「開高健展パンフレット」のP14には、「スウェーデンのABU社に招かれた際、記念に贈られた」とするリールの写真が掲載されています。よくよく写真を見ると、角型リムのブラックウッドボックス入り。製造年代が合致しませんね。
最初の角型(山型)リムの5000C De Luxeは、1970年代後半に小ロットだけ製造されたと言われています。
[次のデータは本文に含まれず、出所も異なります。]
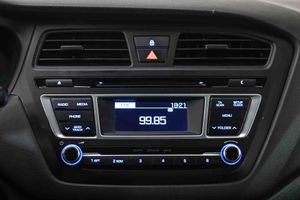 Hyundai i20 1.1 CRDi Essence - Foto 42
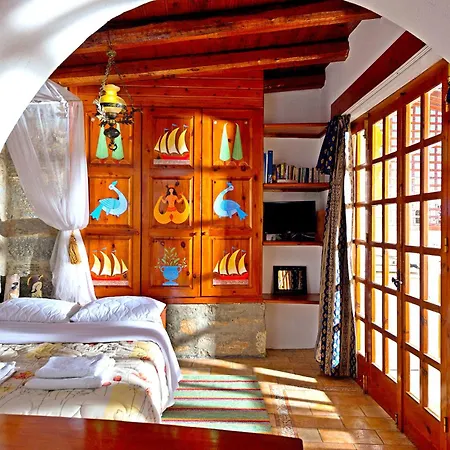 Traditional Homes Of Crete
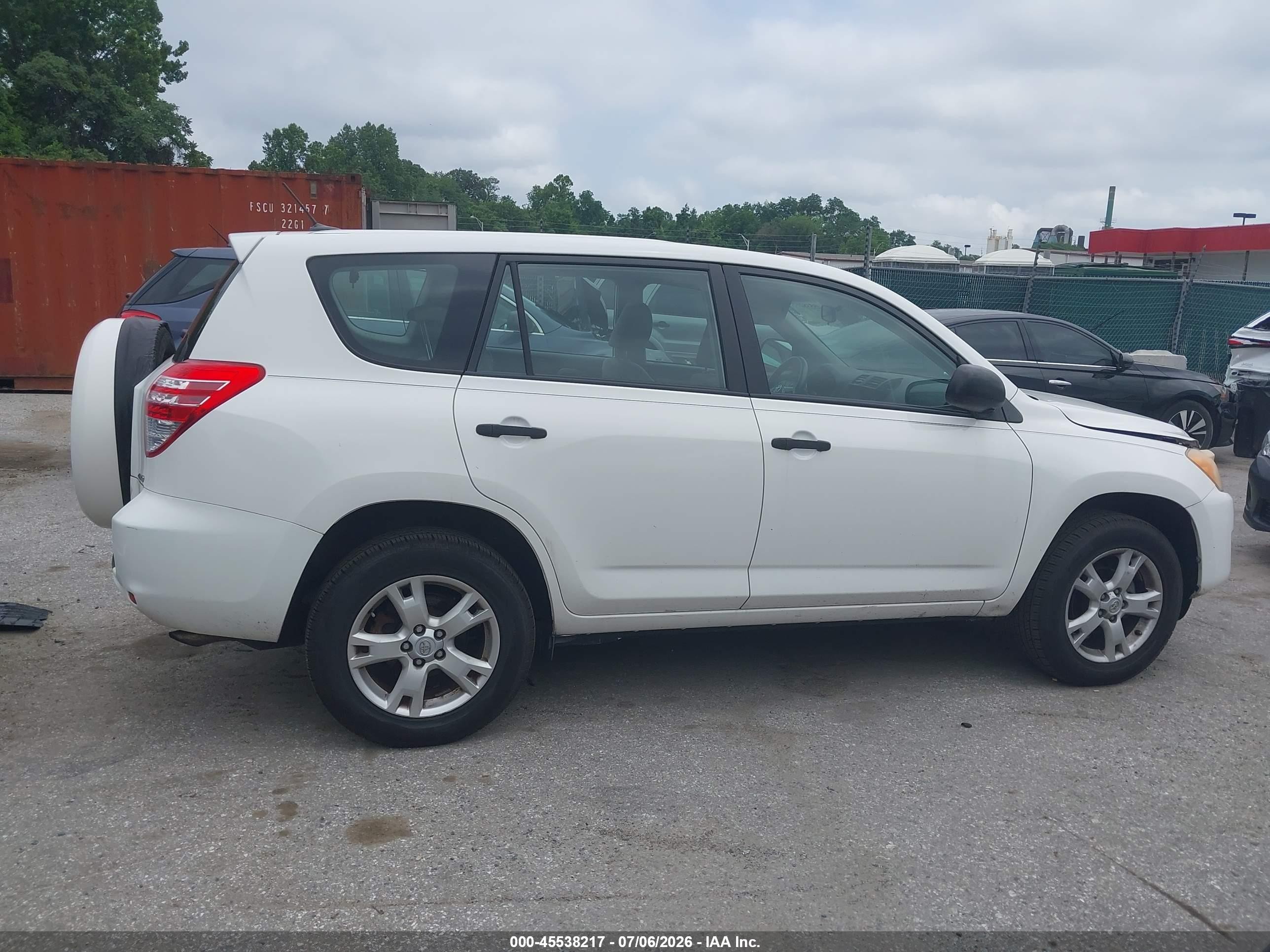 2010 Toyota Rav4   White vin: JTMBF4DV5A5029471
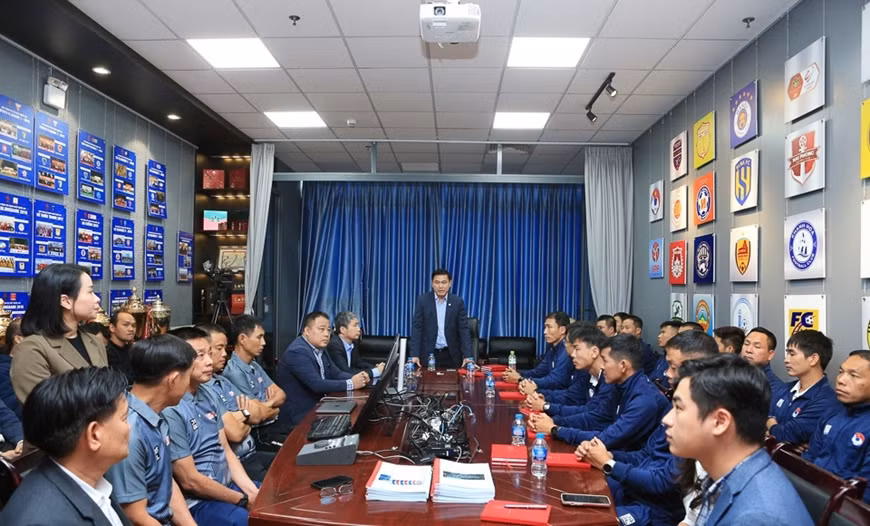 Capacitan con tecnología VAR a árbitros vietnamitas de fútbol ảnh 2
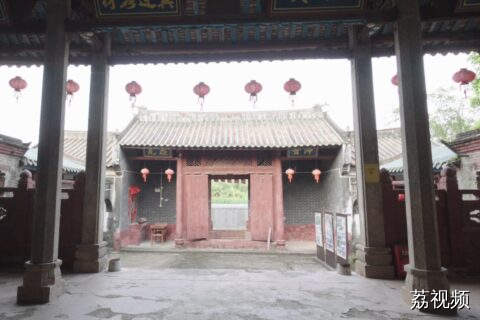 二等奖：《一页一车村》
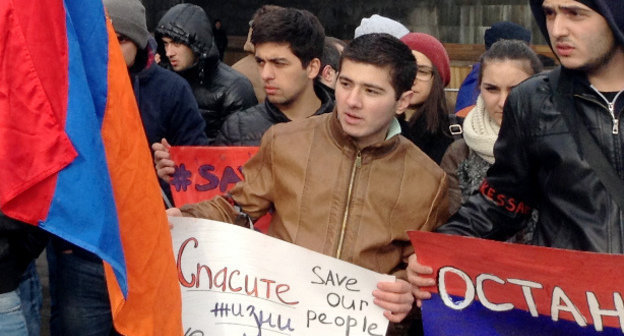 Акция солидарности с армянами Кесаба и народом Сирии. Москва, 4 апреля 2014 г. Фото Елены Хрусталевой для "Кавказского узла"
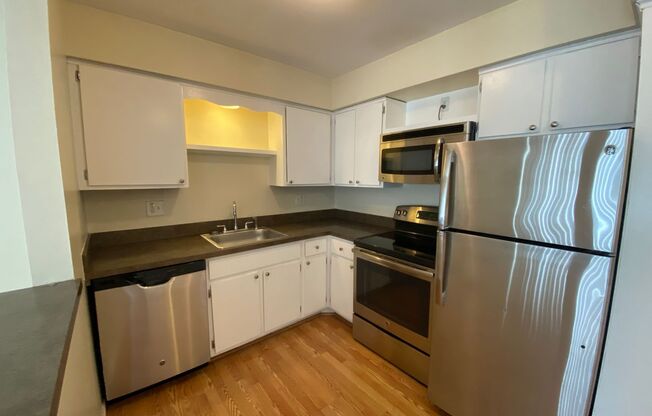 1 bed, 1 bath, 700 sqft, $1,225, Unit 7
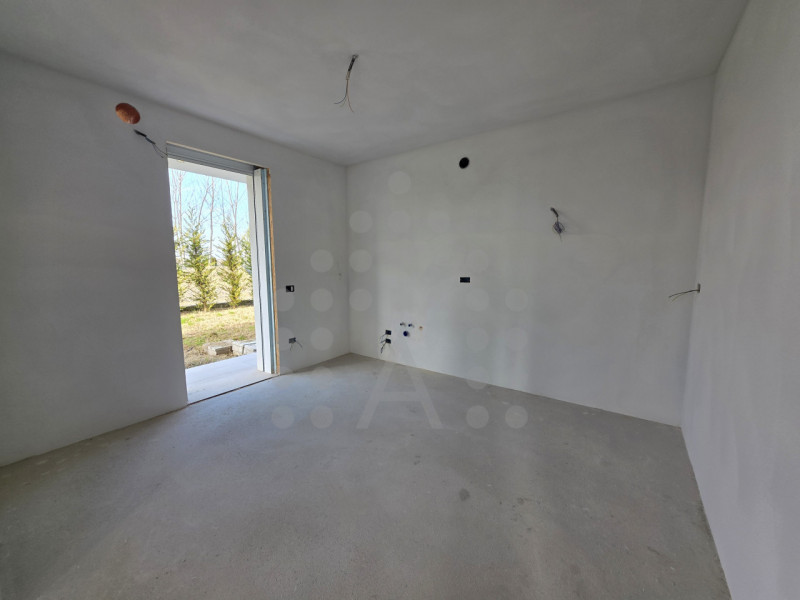 Una prestigiosa villa in corso di costruzione immersa nel verde, comoda al centro di Abano Terme ...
その後、多くの国からの要望があってか、1981年頃に再製造があり、日本でもエビスフィッシングが限定販売しました。
この1980年台初期のものは、当時の工場にストックされていたパーツを掻き集めて組み立てられたもののようで、様々な年代のパーツが混在しています。 リールフット(メッシュ、スムーズ)、ナット(大型袋ネジ、スクリューネジ)、スプールキャップ(スカート付き、なし)、レベルワインダー(丸、平)、ドラッグ(丸、角)等々、本当にいろいろな組み合わせがあります。さらには、最終期のパーツとして、右サイドカップにABU Swedenの刻印が入ったタイプも存在します。これは、Don Iovinoさんが、1990年代以降に再販したリールにも装着されていました。
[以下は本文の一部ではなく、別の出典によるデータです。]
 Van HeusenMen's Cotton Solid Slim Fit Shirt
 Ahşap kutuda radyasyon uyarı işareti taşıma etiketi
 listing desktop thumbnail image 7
残念ながら、開高さんご自身が「角型リムのデラックス」を使って釣りを楽しんだシーンを確認することはできませんでしたが、その後の5600CDLを含めてこれらのデラックスシリーズは、それこそ何台も何台も入手されたことでしょう。「釣道具を買うコツは、ゼニを惜しむな、安物を買うなという一点につきる」・・・ABUのデラックスリールを購入する時にこそ、思い出すべき名言です。
さて、開高さんにちなんだ釣道具を紹介するページも、とうとう100回めとなりました。煩悩の数まで到達したかったのですが、ABUの5000シリーズのお話に戻ったことですし、いったんここで休止とさせていただきます。他にも表に出せないようなお話もいくつかあることはあるのですが、その辺はまたの機会にでも。みなさま、よい釣りを。